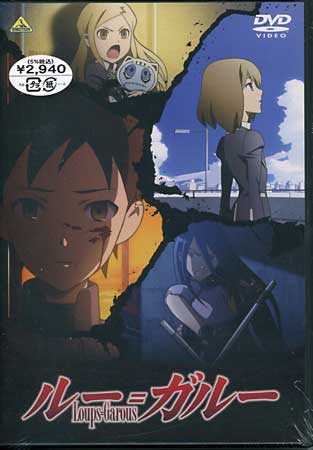 【ストーリー】生活の全てを完全管理された近未来。食料は人工のものに変わり、人々はリアルコンタクトを避けて他者とのコミュニケーションが希薄になる中、とある殺人事件を機に閉鎖された世界へ立ち向かっていく少女たちを描く。京極夏彦×SCANDAL×Production　I．Gのコラボレーションが生んだ新感覚アニメーション！【特典内容】SCANDAL　オーディオコメンタリータイトルルー＝ガルー監督藤咲淳一出演者沢城みゆき、井上麻里奈、植竹香菜、沖佳苗、五十嵐裕美受賞・その他発売日2010年12月22日発売元・レーベルバンダイビジュアル仕様メディア形態DVDリージョンコード2言語日本語(オリジナル言語)字幕収録時間98分JANコード4934569638359製品コードBCBA-3835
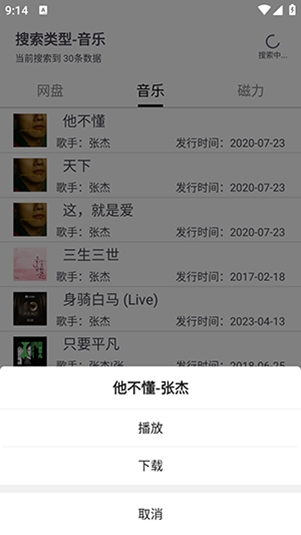 乐搜安卓版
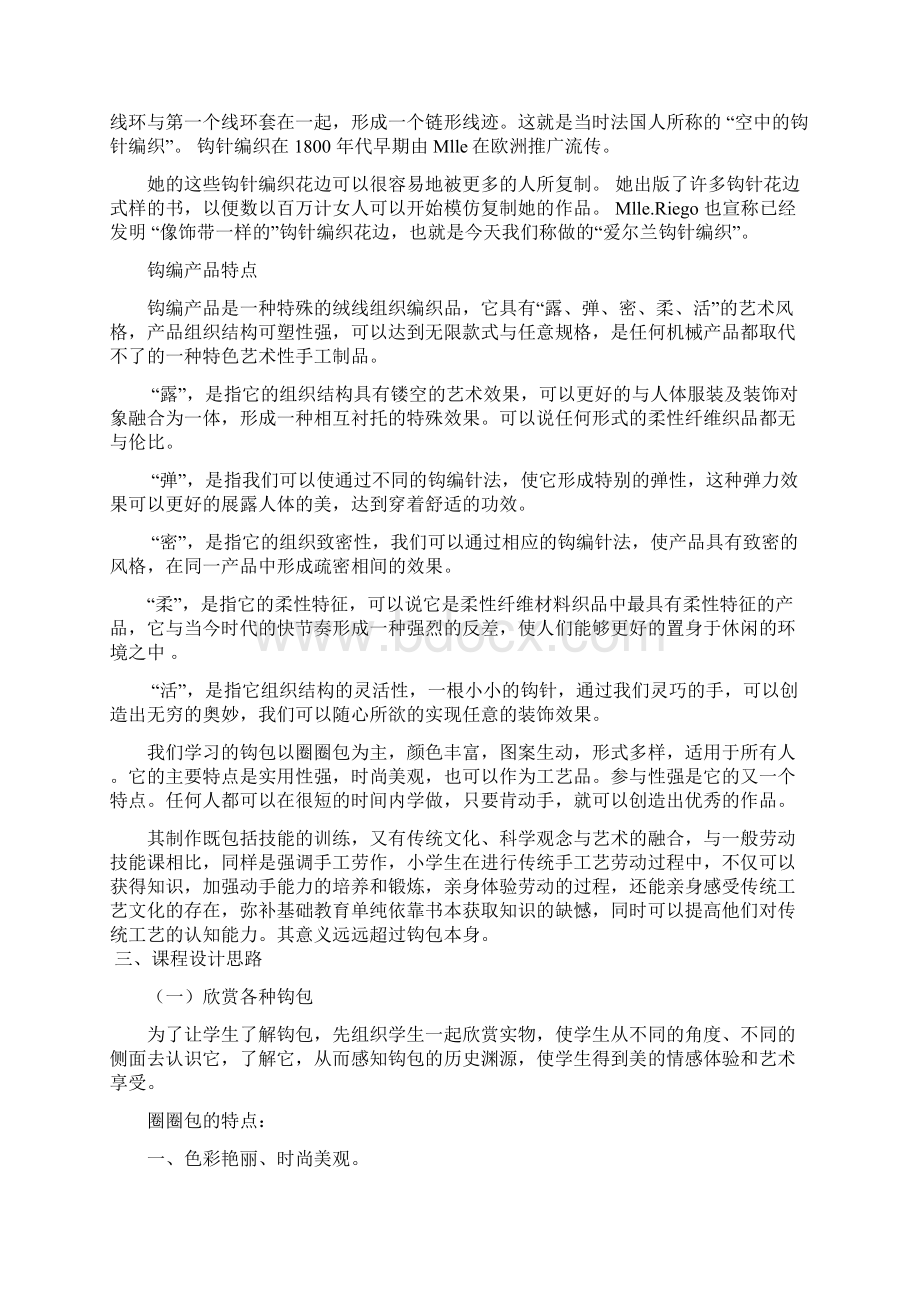 巧手钩包课程方案计划.docx_第3页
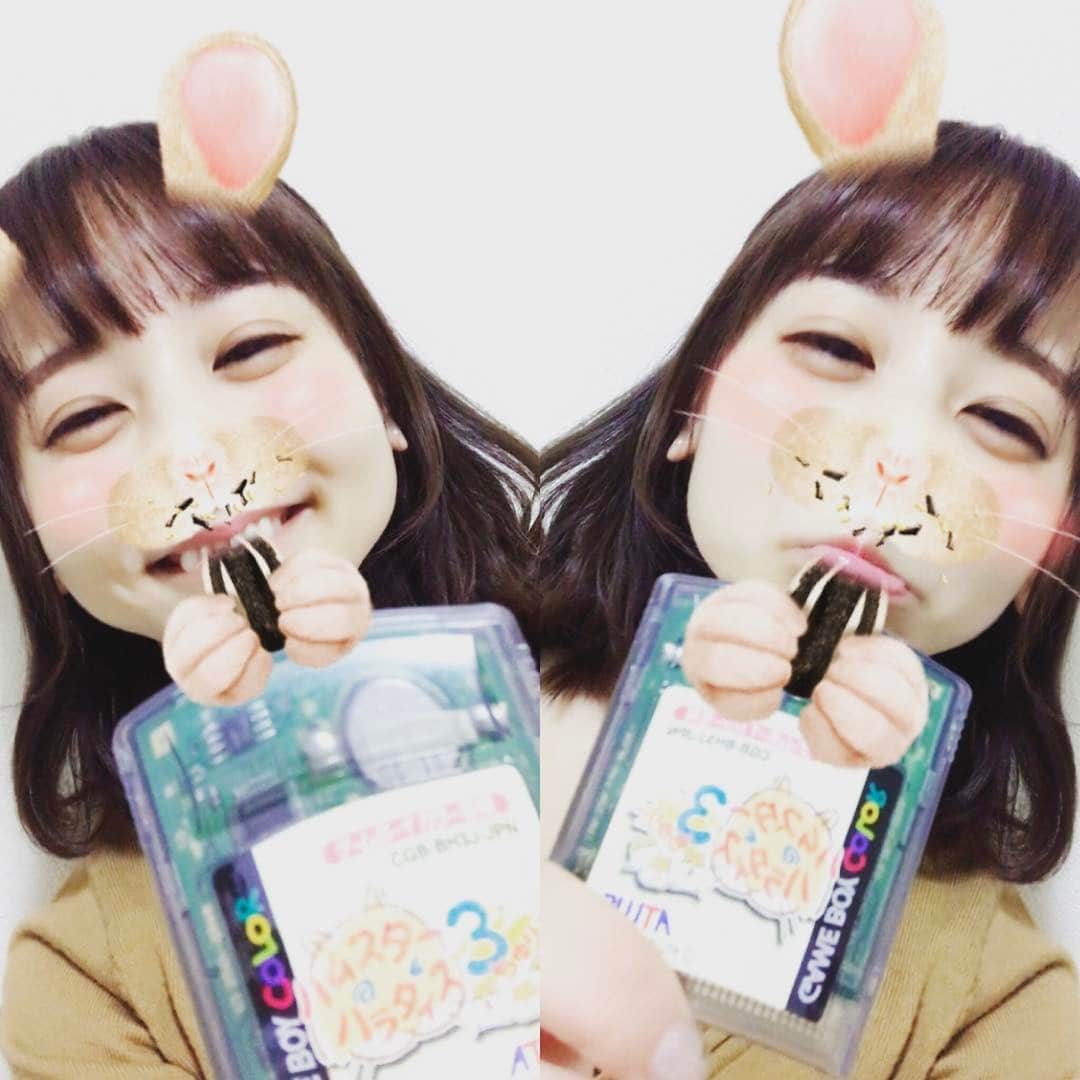 浜田由梨のインスタグラム：「#ゲーム #だいすき #japanese #game #love #💕 #この写真お母さんにめっちゃ似てるわ。#goodnight #🌝 #いい夢みろよ」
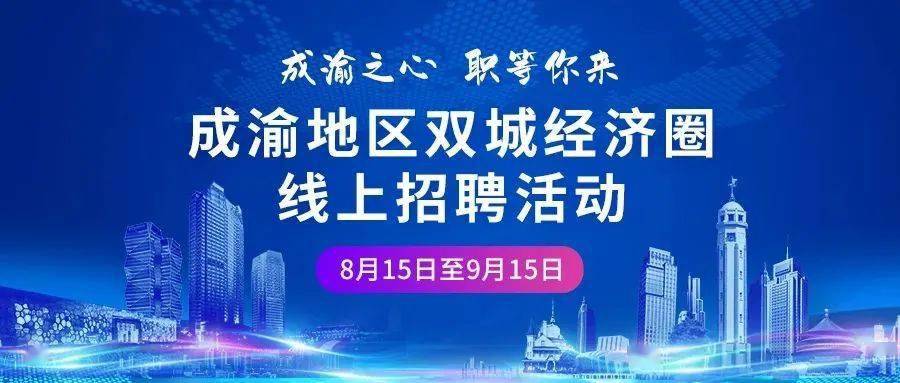 大足龙水最新司机招聘，启程探索自然美景，寻找内心宁静之旅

**Required action:**
Could you reproduce the listing above word for word while leaving out its pictures?

**Reply to the task:**
 【ストーリー】生活の全てを完全管理された近未来。食料は人工のものに変わり、人々はリアルコンタクトを避けて他者とのコミュニケーションが希薄になる中、とある殺人事件を機に閉鎖された世界へ立ち向かっていく少女たちを描く。京極夏彦×SCANDAL×Production　I．Gのコラボレーションが生んだ新感覚アニメーション！【特典内容】SCANDAL　オーディオコメンタリータイトルルー＝ガルー監督藤咲淳一出演者沢城みゆき、井上麻里奈、植竹香菜、沖佳苗、五十嵐裕美受賞・その他発売日2010年12月22日発売元・レーベルバンダイビジュアル仕様メディア形態DVDリージョンコード2言語日本語(オリジナル言語)字幕収録時間98分JANコード4934569638359製品コードBCBA-3835
 乐搜安卓版
 巧手钩包课程方案计划.docx_第3页
 浜田由梨のインスタグラム：「#ゲーム #だいすき #japanese #game #love #💕 #この写真お母さんにめっちゃ似てるわ。#goodnight #🌝 #いい夢みろよ」
 大足龙水最新司机招聘，启程探索自然美景，寻找内心宁静之旅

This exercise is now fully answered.